EVN Macedonia -- a subsidiary of the Austrian giant power company that bought Macedonia's electrical power company ELM -- loses 14m euros annually to theft, according to Atanas Kovachevski, spokesperson for EVN Macedonia.
"The thefts undermine ongoing investments in the grids and are the reason for steep electricity price increases," Konstantin Dimitrov, president of the Macedonian Association for Energy Efficiency, told SETimes.
The inhabitants of the Albanian-majority town of Veleshta, in southwest Macedonia, blocked EVN's office building in nearby Struga last June after the company cut off power for two days. They threatened to burn down the building if the company did not restore power.

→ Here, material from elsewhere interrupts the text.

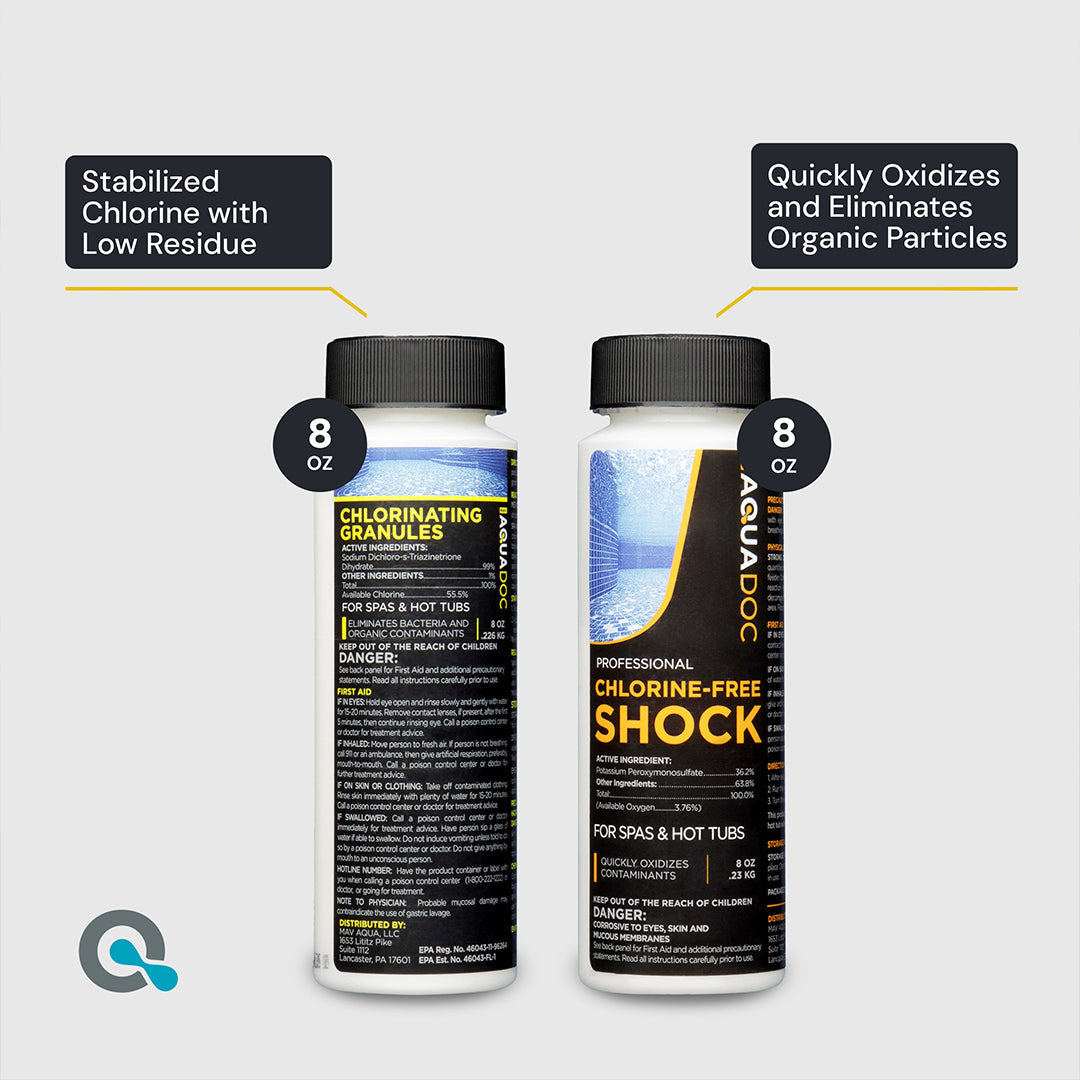 Chlorine Hot Tub Starter Kit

EVN relented and restored electricity, officials said as much as 60% of the electricity there has not been paid or is stolen.

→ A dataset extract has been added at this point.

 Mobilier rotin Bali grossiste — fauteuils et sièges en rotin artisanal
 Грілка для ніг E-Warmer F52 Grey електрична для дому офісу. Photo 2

Dimitrov argued part of the problem is some governments' past willingness to overlook theft. But unlike the time when energy companies were state-owned, experts today believe private companies will not allow debts to remain unpaid.
"Previous practices are no excuse; the states and the new foreign companies should decisively disconnect anyone from the grids who illegally uses electricity, if necessary, whole neighbourhoods, regardless of ethnic or political affiliation," Nikola Acevski, electricity expert and professor at the University of Bitola, told SETimes.
But, Acevski added, power company workers cannot enter certain villages or settlements for fear of violence.
"We intervene only in cases when EVN personnel try to disconnect illegal connections to the grid and determine there is danger of being assaulted," Ivo Kotevski, spokesperson for Macedonia's interior ministry, told SETimes.
"Heavy fines in Macedonia, which range from 5,000 euros to over 25,000 euros as well as prison sentences, are beginning to show positive results," EVN's Kovachevski said.
According to Xhani, "In Albania, we install new meters for those who use electircity illegaly and issue a fine for the incurred economic damage. Also, we provide them a period of one month to gather all necessary documents and register in our system."
If they fail to comply, Xhani said, "we cut them off the network and press criminal charges."